Cracks were already beginning to appear in this purely molecular view of inorganic chemistry. They were fuelled in part by a resurgence of interest in the classical solid-state chemistry of oxides and other continuous lattice compounds, pioneered by J. S. Anderson and others. It was also beginning to be appreciated how important interactions between molecules can be in determining properties of matter in bulk, such as cooperative magnetic and optical phenomena in one- or two-dimensional solids. Into this epoch burst the figure of Olivier Kahn.

Kahn grasped the opportunity presented by his appointment as the youngest full professor at the University of Paris-Sud, Orsay, to build up (and, in the expressive Gallic phrase, ‘animate’) a new laboratory. He was eager, following his apprenticeship in coordination chemistry and molecular quantum mechanics, to create and articulate a new subject.
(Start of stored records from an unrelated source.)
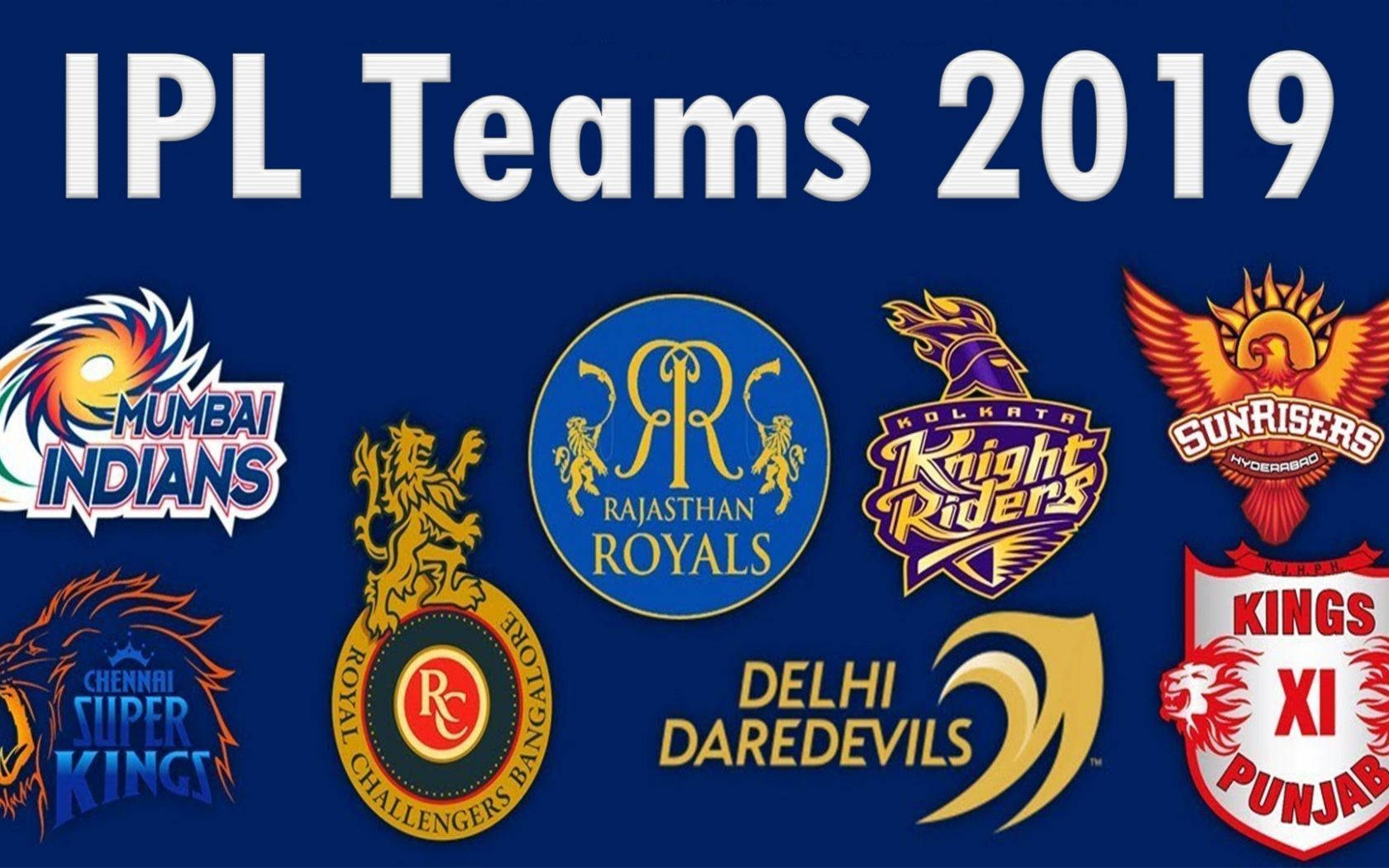 Indian Cricket Team Logo Wallpaper
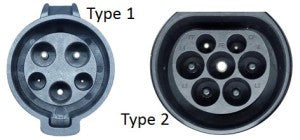 Elektrischer Autoanschluss Typ 1 oder Typ 2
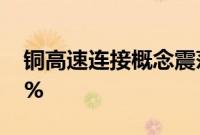 铜高速连接概念震荡走强，凯旺科技大涨14%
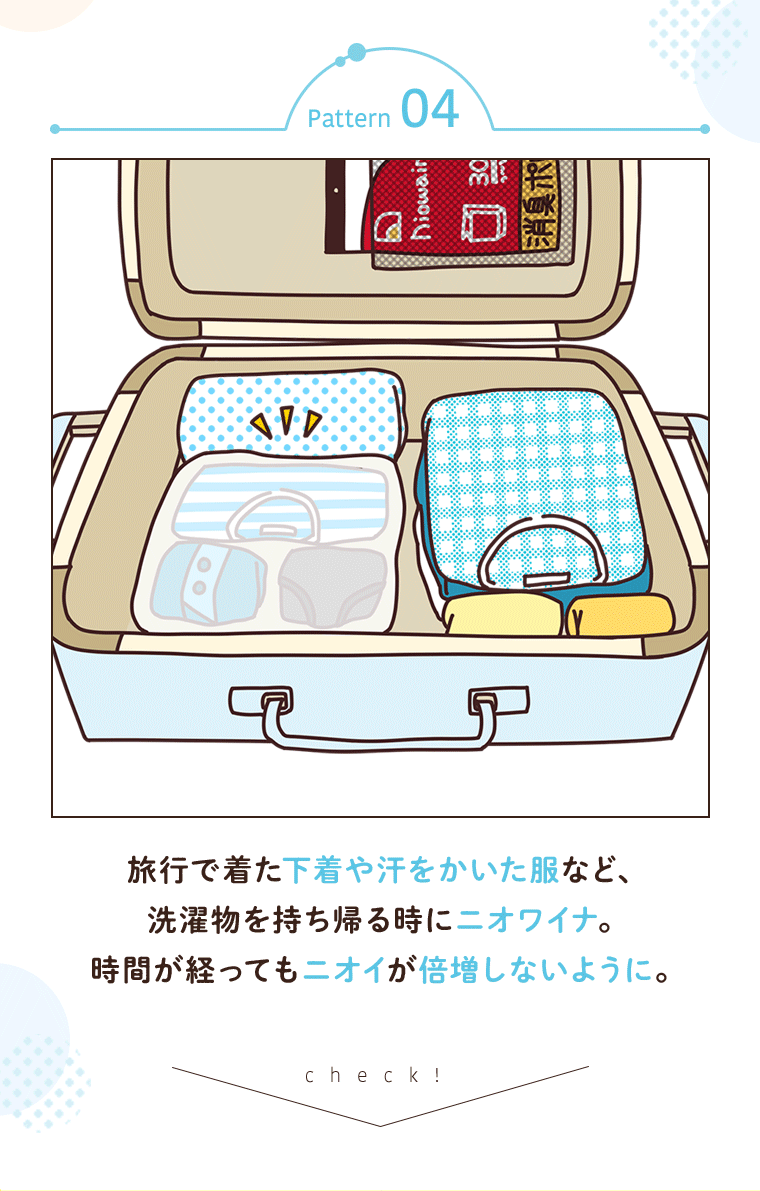 Pattern04 旅行で着た下着や汗をかいた服など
Early success came with the design and synthesis of a molecular complex containing one element from the beginning (vanadium) and one from the end (copper) of the first transition series, placed side by side so that orbitals containing the unpaired electrons were strictly orthogonal to one another. This arrangement was predicted by P. W. Anderson, M. Kanamori and J. B. Goodenough to lead to a parallel alignment of the spins, resulting in ferromagnetism (that is, each molecule becomes strongly magnetized, like permanent magnets such as iron). It was a triumph. A ferromagnetic ground state was observed, though not of course one where the ordering was long range — this was molecular ferromagnetism.

In quick succession, Kahn made further marks on coordination chemistry by two contrasting démarches. First, with B. Briat and others, he recast the Anderson–Kanamori–Goodenough model of exchange interactions between localized magnetic moments into a form accessible to chemists. Second, he extended his synthetic success with ferromagnetic dimers to infinite chains of transition-metal ions coupled through organic bridges to make ferrimagnetic arrays, in which the spins are aligned antiparallel, but unequal contributions still produce magnetization. In this way, Kahn connected the molecular world with the physicists' paradigm of infinite one-dimensional magnetic order.

—Magnetic chains may be infinite in one sense, but are not themselves true bulk magnets because the chains must interact with each other to give three-dimensional order. It was then that Kahn showed, by a beautiful piece of supramolecular chemical tweaking, how the chains in his one-dimensional ferrimagnets could be arranged so as to give ferromagnetic interactions between the chains. Other lattice topologies followed, including one with three-dimensionally interlocking rings of metal atoms joined together by organic ligands. This one Kahn compared, with a characteristic flight of fancy, to a necklace that he had bought for his wife.

Throughout his career, first in Orsay and later Bordeaux, where he established a large and flourishing laboratory in the 1990s, Kahn led his young team by his own lively example: exclamations of delight at the latest findings of a graduate student echoed through the corridors. When a colleague chided him gently for spending little time at home, his reply was “but we are always together on Sunday afternoons”.

For Olivier Kahn, finding beautiful new patterns in nature — whether strung together by necklaces of atoms in a crystal lattice or in his recent theories of molecular bi-stability as a basis for information storage — was an all-consuming passion, which he shared ebulliently with everyone he met. For his friends across the globe, as well as for the molecular sciences he espoused so eloquently, the hole left by his passing will be hard to fill. Not to see that eager figure, bolt upright in the centre of the front row in the lecture theatre, spectacles gleaming, poised to ask the first question, makes our science duller as well as sadder.